Il parcourut d’abord la feuille du regard, en souriant, la tenant tout près de ses yeux myopes.

Je n’ose vous proposer, commença-t-il, je n’ose vous proposer le seul qui me reste, ordonné depuis peu, dont M. l’archiprêtre, à qui je l’ai donné, ne sait que faire, plein de qualités sans doute, mais gâtées par une violence et un entêtement singuliers, sans éducation ni manières, d’une grande piété plus zélée que sage, pour tout dire encore assez mal dégrossi. Je crains qu’un homme tel que vous (ici un petit trait d’usage, d’ironie épiscopale)… je crains qu’un homme tel que vous ne puisse s’accommoder d’un petit sauvage qui, vingt fois le jour, vous offensera malgré lui.

– Qu’avez-vous répondu? demanda l’abbé Demange?

– À peu près ceci: s’accommoder n’est rien, Monseigneur; il suffit que j’en puisse tirer parti, ou quelque chose d’approchant.

Il parlait sur le ton d’une déférence malicieuse, et son beau regard riait, avec une tranquille audace.

– Enfin, dit le vieux prêtre impatient, de votre propre aveu, le bonhomme répond au signalement qu’on vous en avait donné?

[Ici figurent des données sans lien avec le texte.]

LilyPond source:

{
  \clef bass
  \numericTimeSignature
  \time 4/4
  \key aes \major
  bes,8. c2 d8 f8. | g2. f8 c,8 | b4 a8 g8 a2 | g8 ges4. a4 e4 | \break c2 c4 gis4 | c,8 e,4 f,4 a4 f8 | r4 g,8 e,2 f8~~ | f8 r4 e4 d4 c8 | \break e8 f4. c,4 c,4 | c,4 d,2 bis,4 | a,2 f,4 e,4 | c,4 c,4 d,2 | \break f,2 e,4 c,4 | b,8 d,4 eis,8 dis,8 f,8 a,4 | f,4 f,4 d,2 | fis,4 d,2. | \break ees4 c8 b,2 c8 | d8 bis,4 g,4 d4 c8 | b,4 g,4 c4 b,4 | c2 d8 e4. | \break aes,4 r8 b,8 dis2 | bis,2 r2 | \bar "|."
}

– Il est pire, s’écria le doyen de Campagne, mille fois pire! D’ailleurs, vous:’avez vu. Sa présence dans une maison si confortable est une offense au bon sens, certainement. Je vous fais juge: les pluies d’automne, le vent d’équinoxe qui réveille mes rhumatismes, le poêle surchauffé qui sent le suif bouilli, les semelles crottées des visiteurs sur mes tapis, les feux de salve des battues d’arrière-saison, c’est déjà bien assez pour un vieux chanoine. À mon âge, on attend le bon Dieu en espérant qu’il entrera sans rien déranger, un jour de semaine… Hélas! ce n’est pas le bon Dieu qui est entré, mais un grand garçon aux larges épaules, d’une bonne volonté ingénue à faire grincer des dents, plus assommant encore d’être discret, de dérober ses mains rouges, d’appuyer prudemment ses talons ferrés, d’adoucir une voix faite pour les chevaux et les bœufs… Mon petit setter le flaire avec dégoût, ma gouvernante est lasse de détacher ou de ravauder celle de ses deux soutanes qui garde un aspect décent… D’éducation, pas l’ombre. De science, guère plus qu’il n’en faut pour lire passablement le bréviaire. Sans doute, il dit sa messe avec une piété louable, mais si lentement, avec une application si gauche, que j’en sue dans ma stalle, où il fait pourtant diablement froid! Au seul penser d’affronter en chaire un public aussi raffiné que le nôtre, il a paru si malheureux que je n’ose le contraindre, et continue de mettre à la torture ma pauvre gorge. Que vous dire encore? On le voit courir dans les chemins boueux tout le jour, fait comme un chemineau, prêter la main aux charretiers, dans l’illusion d’enseigner à ces messieurs un langage moins offensant pour la majesté divine, et son odeur, rapportée des étables, incommode les dévotes. Enfin, je n’ai pu lui apprendre encore à perdre avec bonne grâce une partie de tric-trac. À neuf heures, il est déjà ivre de sommeil, et je dois me priver de ce divertissement… Vous en faut-il encore? Est-ce assez?